This is a story about how I completely destroyed a production database, what I did to fix it and the lessons I learned that I carry with me today.
My first job out of "college" was working as a developer assigned to maintain a third party financial application that managed stock options of clients of the large financial institution where I worked. It was Windows Forms based desktop app that installed on each of the individual user's desktop machine. The app connected to a shared SQL Server database via a trusted connection. This means users permissions were managed at the database level via their Windows credentials. But if you knew a valid SQL user and password you were able to change the connection string from a Trusted Connection
to use a SQL Server user id and password.
I was running two versions of the software on my local machine in preparation for a software update sometime in the future. Both versions of the software were pointing to their own DEV database on a DEV server. Each installation utilizing a trusted connection and not using SQL authentication to connect to the database. Part of the verification of the new system was to see how the data was returned - was version 1 returning the same data as version 2 kind of thing.
For some reason, and to this day I have no idea why or how this happened, but I wanted to compare production data. Without realizing it - or more accurately , without thinking - I updated the connection string of the new version of the app and pointed it to the production database. If I were connecting with my Windows account I don't think the next thing would have happened. However, I also made the fatal mistake of updating the connection string to use the SQL Server sa
user and password.
A very detailed and highly technical diagram depicting the situation I found myself in:
Little did I know that the desktop software had an automatic database upgrade migration process that was executed if the program detected the database was any version behind the desktop version currently connecting to the database. As soon as I fired up the desktop app, the app read the updated connection string (SA!) and connected to the production database as the system administrator giving me all the destructive power I could handle. The application saw that the database was a previous version and therefore needed an upgrade.
I remember a message popping up that read something like "Are you sure you really want to do this action? It's definitely going to blow some stuff up". I clicked OK because i wasn't thinking or didn't realize I was pointing to the production database. I had yet to really break something in my young career.
Someone once asked me what the difference between a senior developer and a junior developer are. My thinking is that a senior developer has broken enough things in their career that they know how to go about getting them working again. The junior just hasn't had the opportunity yet.
After clicking OK I remember watching a modal describing what was happening - updating tables..., migrating database values...
- and thinking "Oh, no! I've made a huge mistake".
I just authorized the new version of the software to update the existing production database to the new version. The new version of the software updated the table structure and stored procedures which resulted in a lot of data loss. Effectively making that database unusable to anyone running the old version - which at this point was everyone in the company.
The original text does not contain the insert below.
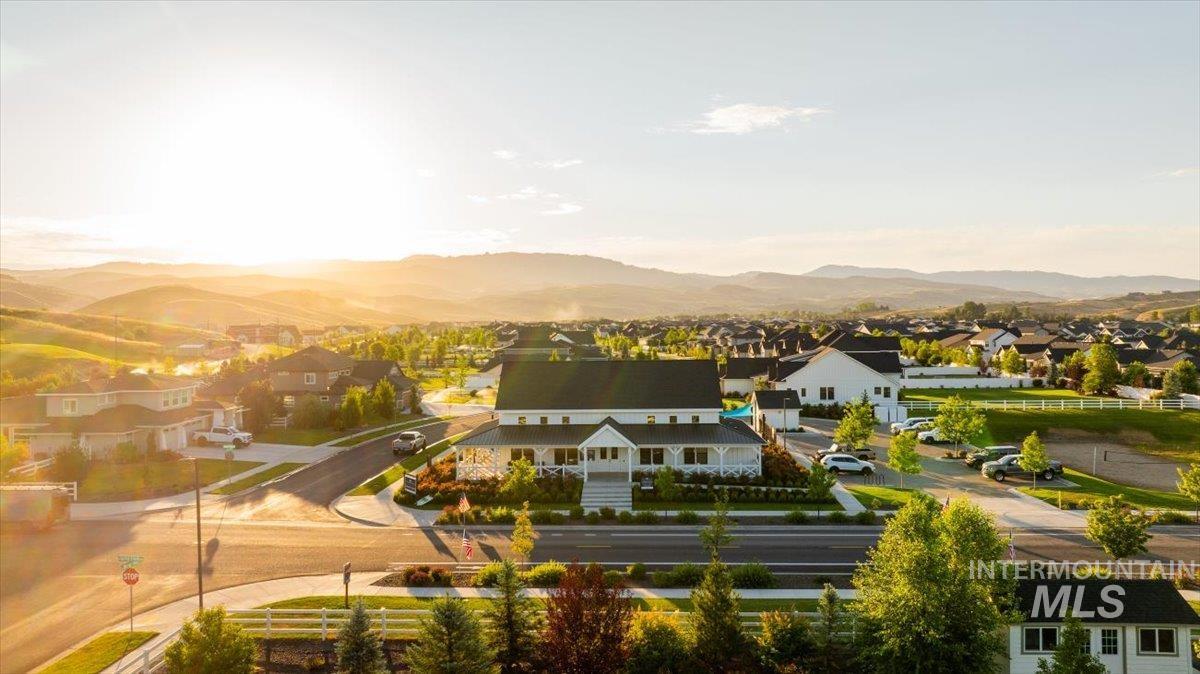 Modern residential development featuring varied architectural styles and mature landscaping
Realizing what had happened I tried running the software version everyone else was running. It failed and I knew I was done. Since this was was early in the morning , nobody else was in the office so I just sat there alone thinking about what had happened. I'll never forget that lump of shame that just sat in my stomach and chest. This was my first major f'up of my career. I wasn't sure what was going to happen. Maybe I'd be fired and escorted out the door. My stomach was a pit of despair and my career was over just when it was getting started.
One of my favorite DJs is John Richards on KEXP who frequently reminds us that we're not alone. Luckily, I was not alone in this little screw up either. Sometimes it does feel like we are alone, but if we look hard enough we will see that we are not alone. I was working with a great senior engineer who would go on to be one of my mentors. A person who taught me a lot about the working world as well about software development. As the emails and phone calls started to come in from users who are unable to use the application, I went over to this person and put it all out.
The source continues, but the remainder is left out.